Task prompt –
Taking the listing below, restate word for word each line from the line with "Ver imagem 3" to the line with "EIDERWOOD Samsung Galaxy", ends included, and stop there.

Dataset content –
========
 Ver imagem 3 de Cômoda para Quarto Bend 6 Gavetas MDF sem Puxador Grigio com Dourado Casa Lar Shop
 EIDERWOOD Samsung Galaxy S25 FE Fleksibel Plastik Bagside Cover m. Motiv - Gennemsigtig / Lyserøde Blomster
========
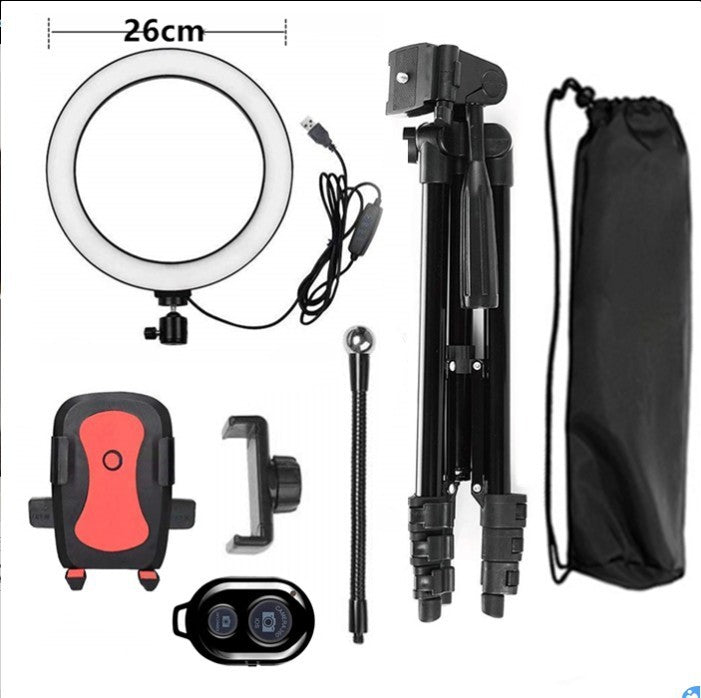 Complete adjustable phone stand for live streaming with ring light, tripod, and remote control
========
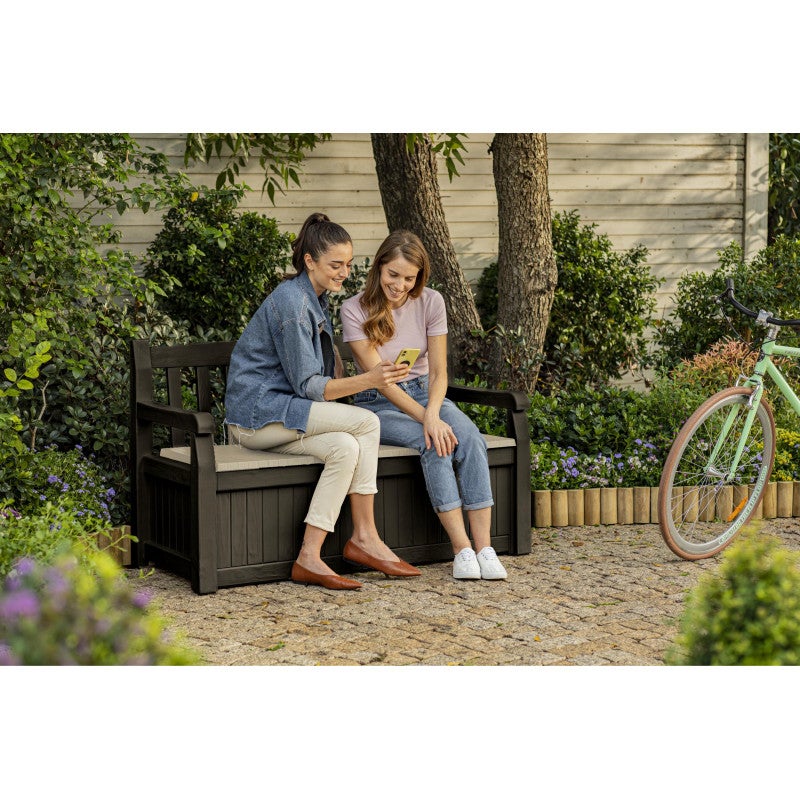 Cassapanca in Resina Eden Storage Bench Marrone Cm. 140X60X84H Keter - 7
========
Solution –
 Ver imagem 3 de Cômoda para Quarto Bend 6 Gavetas MDF sem Puxador Grigio com Dourado Casa Lar Shop
 EIDERWOOD Samsung Galaxy S25 FE Fleksibel Plastik Bagside Cover m. Motiv - Gennemsigtig / Lyserøde Blomster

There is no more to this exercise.